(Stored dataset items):

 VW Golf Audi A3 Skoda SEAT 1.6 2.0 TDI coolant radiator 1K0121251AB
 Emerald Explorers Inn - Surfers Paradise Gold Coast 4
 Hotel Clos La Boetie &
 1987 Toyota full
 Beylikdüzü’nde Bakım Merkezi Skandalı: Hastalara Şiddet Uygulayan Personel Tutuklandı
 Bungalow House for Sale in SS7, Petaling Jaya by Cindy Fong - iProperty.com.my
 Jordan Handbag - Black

* * *

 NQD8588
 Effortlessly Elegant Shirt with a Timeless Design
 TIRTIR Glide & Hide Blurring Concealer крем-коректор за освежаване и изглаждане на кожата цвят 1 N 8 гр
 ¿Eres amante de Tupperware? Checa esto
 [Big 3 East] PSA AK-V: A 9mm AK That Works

(Task): Look through the entries above and quote exactly the lines from the line with "Beylikdüzü’nde Bakım Merkezi" to the line with "Jordan Handbag - Black", counting both of those lines.

(Output of the exercise):
 Beylikdüzü’nde Bakım Merkezi Skandalı: Hastalara Şiddet Uygulayan Personel Tutuklandı
 Bungalow House for Sale in SS7, Petaling Jaya by Cindy Fong - iProperty.com.my
 Jordan Handbag - Black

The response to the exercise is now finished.